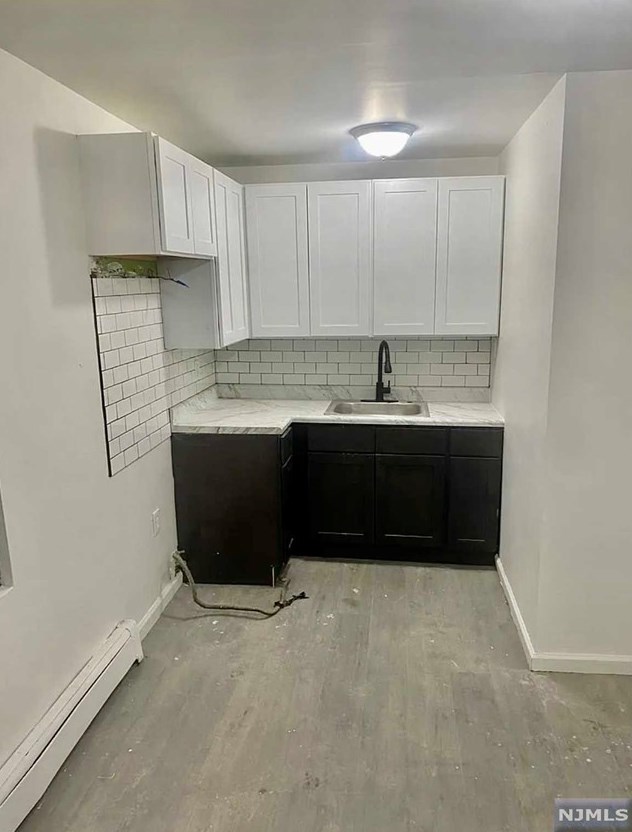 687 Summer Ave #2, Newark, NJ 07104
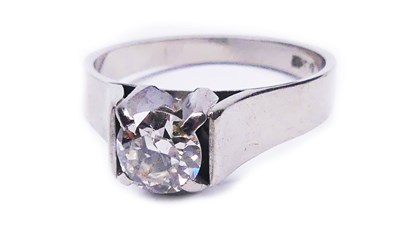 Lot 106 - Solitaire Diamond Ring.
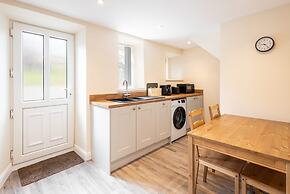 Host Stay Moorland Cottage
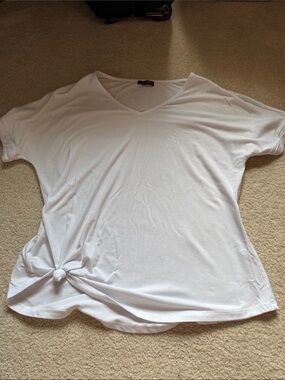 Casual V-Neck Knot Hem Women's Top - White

...

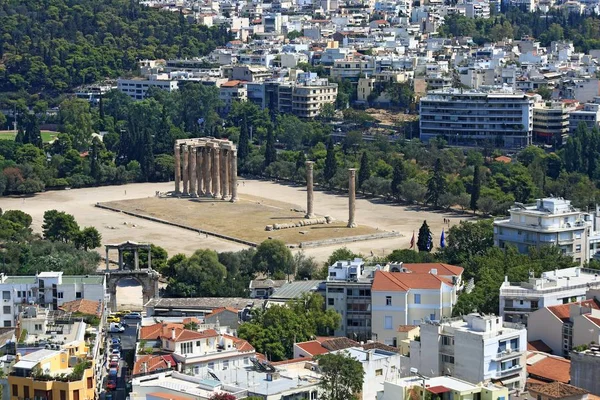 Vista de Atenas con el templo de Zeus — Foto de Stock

==

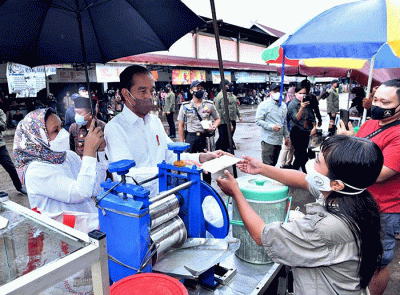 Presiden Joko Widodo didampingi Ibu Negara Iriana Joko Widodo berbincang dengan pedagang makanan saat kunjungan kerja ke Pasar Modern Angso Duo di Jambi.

TASK DESCRIPTION
Transcribe only this stretch of the data: the line with "Host Stay Moorland Cottage", the line with "Casual V-Neck Knot Hem Women's Top - White", and every line in between. Leave out the pictures.

RESULT OF THIS TASK
 Host Stay Moorland Cottage
 Casual V-Neck Knot Hem Women's Top - White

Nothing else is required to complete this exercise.